Brazilian actor, comedian, writer and reporter

Oscar Francisco de Moraes Junior, better known by his stage name, Oscar Filho born August 22, 1978, in Atibaia is a Brazilian TV presenter, reporter, actor, comedian, writer and businessperson. In humor since 2003, he is recognized as one of the forerunners of the stand-up comedy movement in Brazil in 2005, founding the Clube da Comédia Stand-up, responsible for the initial movement in São Paulo, Brazil. He debuted his stand-up solo, Putz Grill... in 2008, running for 11 years and even released it on an album in 2020. In addition to having participated in numerous programs and documentaries about stand-up on TV and the internet. He wrote his first book, Autobiografia Não Autorizada in 2014 with a preface by Danilo Gentili which gave rise to his second stand-up solo entitled Alto - Biografia Não Autorizada in 2020.

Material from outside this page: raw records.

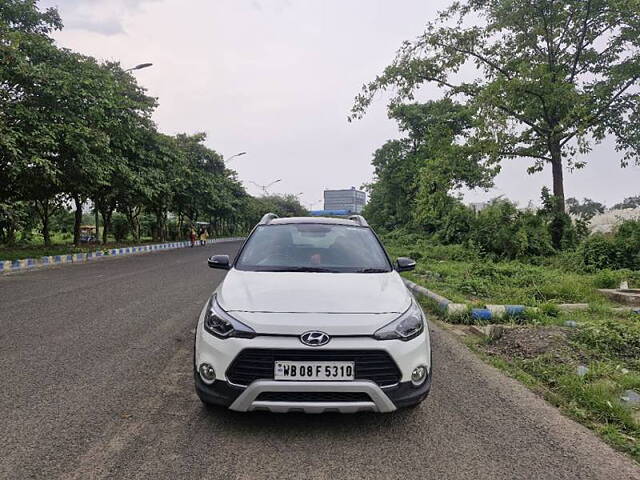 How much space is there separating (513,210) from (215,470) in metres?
14.6

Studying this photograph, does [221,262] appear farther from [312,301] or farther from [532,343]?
[532,343]

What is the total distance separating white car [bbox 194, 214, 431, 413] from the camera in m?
2.72

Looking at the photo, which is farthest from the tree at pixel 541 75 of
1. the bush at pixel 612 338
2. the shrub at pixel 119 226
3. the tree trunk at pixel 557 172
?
the shrub at pixel 119 226

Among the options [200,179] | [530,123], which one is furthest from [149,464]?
[200,179]

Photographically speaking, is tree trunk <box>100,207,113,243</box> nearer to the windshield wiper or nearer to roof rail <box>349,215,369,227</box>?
roof rail <box>349,215,369,227</box>

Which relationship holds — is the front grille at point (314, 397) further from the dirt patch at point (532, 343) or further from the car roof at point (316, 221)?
the dirt patch at point (532, 343)

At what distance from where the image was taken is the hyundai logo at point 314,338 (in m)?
2.71

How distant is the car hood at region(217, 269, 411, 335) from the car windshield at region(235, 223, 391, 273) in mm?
225

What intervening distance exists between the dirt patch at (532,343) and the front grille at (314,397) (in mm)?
2602

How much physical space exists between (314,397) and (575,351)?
3.24 metres

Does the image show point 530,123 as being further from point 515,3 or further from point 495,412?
point 495,412

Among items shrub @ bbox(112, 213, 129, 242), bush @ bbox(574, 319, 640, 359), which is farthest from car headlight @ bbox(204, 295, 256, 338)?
shrub @ bbox(112, 213, 129, 242)

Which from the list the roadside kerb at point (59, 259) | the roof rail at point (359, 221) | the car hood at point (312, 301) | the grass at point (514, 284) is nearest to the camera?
the car hood at point (312, 301)

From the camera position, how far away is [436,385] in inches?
152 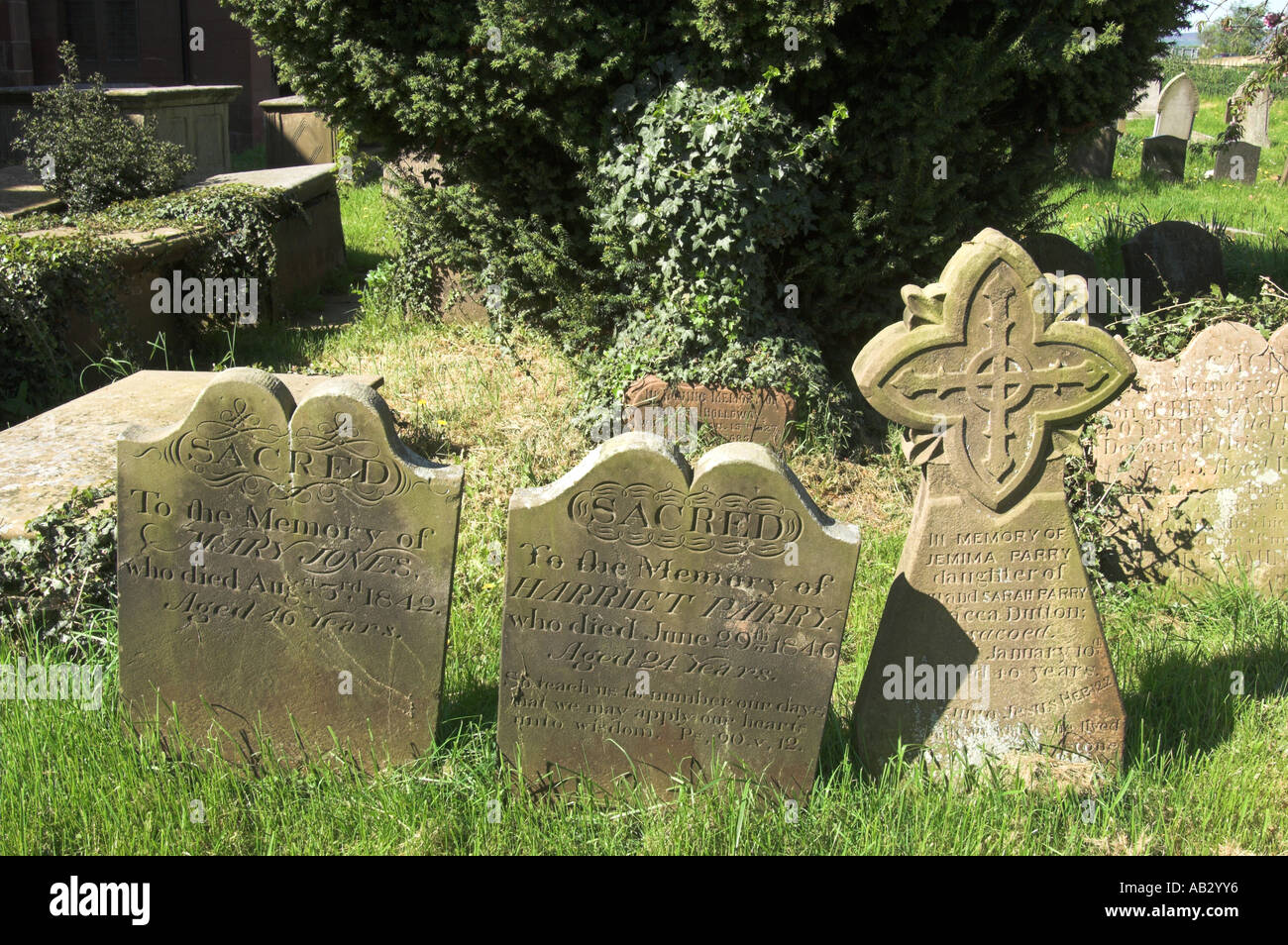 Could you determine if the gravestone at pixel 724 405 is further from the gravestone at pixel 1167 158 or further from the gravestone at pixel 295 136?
the gravestone at pixel 1167 158

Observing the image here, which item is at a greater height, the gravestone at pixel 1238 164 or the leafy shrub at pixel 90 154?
the gravestone at pixel 1238 164

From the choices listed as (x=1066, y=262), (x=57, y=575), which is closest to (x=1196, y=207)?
(x=1066, y=262)

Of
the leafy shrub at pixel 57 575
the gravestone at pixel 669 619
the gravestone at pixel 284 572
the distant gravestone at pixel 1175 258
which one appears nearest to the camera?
the gravestone at pixel 669 619

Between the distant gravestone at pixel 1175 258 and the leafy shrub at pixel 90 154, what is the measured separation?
817 cm

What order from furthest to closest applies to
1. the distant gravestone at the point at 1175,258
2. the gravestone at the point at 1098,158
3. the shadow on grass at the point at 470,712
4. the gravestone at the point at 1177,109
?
1. the gravestone at the point at 1177,109
2. the gravestone at the point at 1098,158
3. the distant gravestone at the point at 1175,258
4. the shadow on grass at the point at 470,712

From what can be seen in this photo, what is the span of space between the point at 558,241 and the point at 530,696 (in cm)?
430

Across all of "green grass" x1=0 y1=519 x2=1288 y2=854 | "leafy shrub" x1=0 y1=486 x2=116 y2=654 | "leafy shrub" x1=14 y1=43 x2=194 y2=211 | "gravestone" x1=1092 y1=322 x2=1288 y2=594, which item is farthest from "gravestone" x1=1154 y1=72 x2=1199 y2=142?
"leafy shrub" x1=0 y1=486 x2=116 y2=654

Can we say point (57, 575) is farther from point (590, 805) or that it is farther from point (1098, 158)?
point (1098, 158)

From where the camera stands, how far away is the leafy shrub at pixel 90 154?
335 inches

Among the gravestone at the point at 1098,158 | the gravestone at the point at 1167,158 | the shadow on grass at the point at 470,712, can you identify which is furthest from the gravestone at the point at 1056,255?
the gravestone at the point at 1167,158

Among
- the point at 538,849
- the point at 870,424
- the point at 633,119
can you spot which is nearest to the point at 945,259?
the point at 870,424

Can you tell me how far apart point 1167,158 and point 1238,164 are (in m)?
1.55

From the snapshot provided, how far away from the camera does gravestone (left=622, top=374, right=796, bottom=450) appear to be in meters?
6.27

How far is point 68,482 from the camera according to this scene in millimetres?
4539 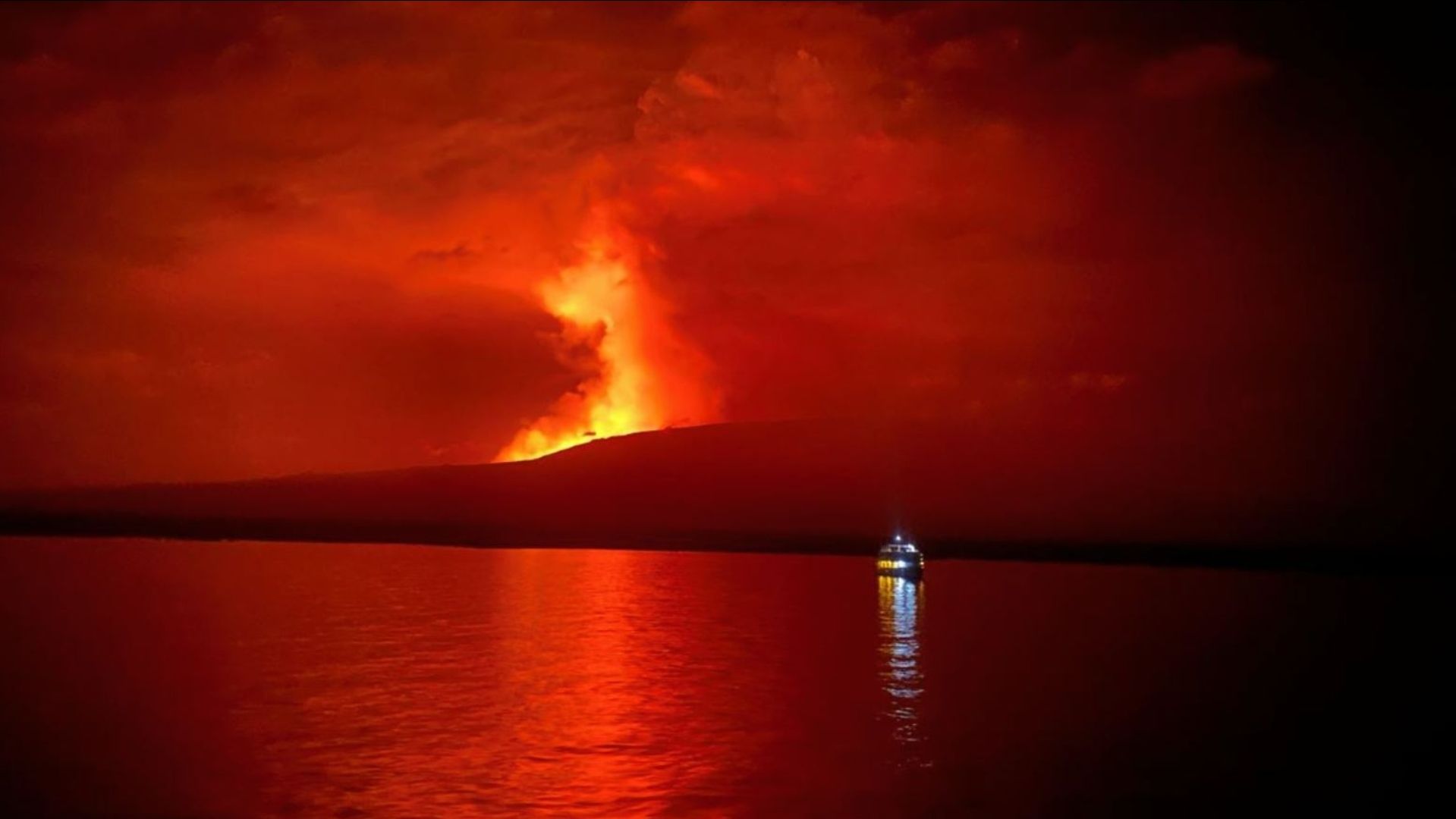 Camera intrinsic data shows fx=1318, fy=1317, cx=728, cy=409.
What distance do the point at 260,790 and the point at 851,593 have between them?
5587cm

He debuted on TV in 2008 with the show CQC-Custe o Que Custar, on Band. In closed channels, he did a stand-up special for Comedy Central, participated in the survival reality show Desafio Celebridades on Discovery Channel and sitcoms on channel Multishow as Aí Eu Vi Vantagem and four seasons of Xilindró. Back on open TV, he participated in the program Tá no Ar, on Globo, of the fourth season of Dancing Brasil on Record, of the documentary series Era Uma Vez Uma História on Band and co-presented the Programa da Maisa on SBT and Fox Channel. In 2022 the filming of the film Escola de Quebrada ended produced by Paramount+ and KondZilla and the series Marcelo Marmelo Martelo produced by Paramount+.